There is a legend of Spanish blood arriving on the Island via an Armada shipwreck but mostly the Island was populated from the adjacent Islands by foreigners, drunken Glaswegians (S 3), Irish builders (S 4), Liverpool drug dealers (S 5) and English tax dodgers (Fact 1). At the 2011 census less than half of the population were born on the Island.

The island has a scutch of Chinese restaurants and a brace of fine Indians but that was as worldly as I remember. This postcard sent by my grandmother’s brother on his first visit to England in 1906 illustrates his first multicultural experience.

...I am here in Liverpool and Birkenhead what big boats there are. I saw a submarine and I have seen some black men.

…I am here in Liverpool and Birkenhead what big boats there are. I saw a submarine and I have seen some black men.

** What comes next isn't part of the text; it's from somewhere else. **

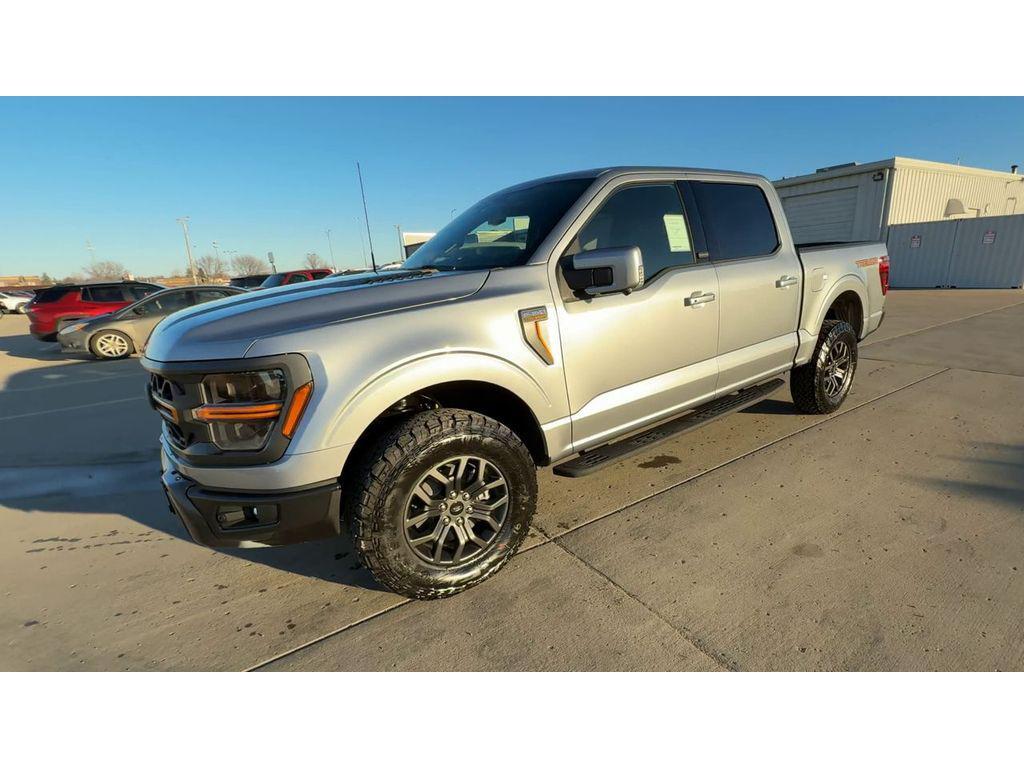 new 2025 Ford F-150 car, priced at $75,991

Liverpool Landing Stage and the S.S. "Baltic" White Star Line. Liverpool.

Liverpool Landing Stage and the S.S. “Baltic” White Star Line. Liverpool.

Although the Island provided many sailors to ships, real and fictional the Island has rarely been attractive to or even known by those from distant lands and South of Runcorn the Isle of Man quickly becomes the Isle of Wight. I once received a support proposal that suggested an installation on the Isle of Man could be ‘easily supported from our Southampton office’.

In the 70’s some British colonial “when Is” (S 6) arrived from India, Uganda and Rhodesia with their tales of ‘when I shot the last tiger in the Punjab’ and other daring-done, but they never amounted to more than a small retiring boatload. In the last ten years there has been a wave of white South African refugees but not enough to rename Castletown, Cape Town.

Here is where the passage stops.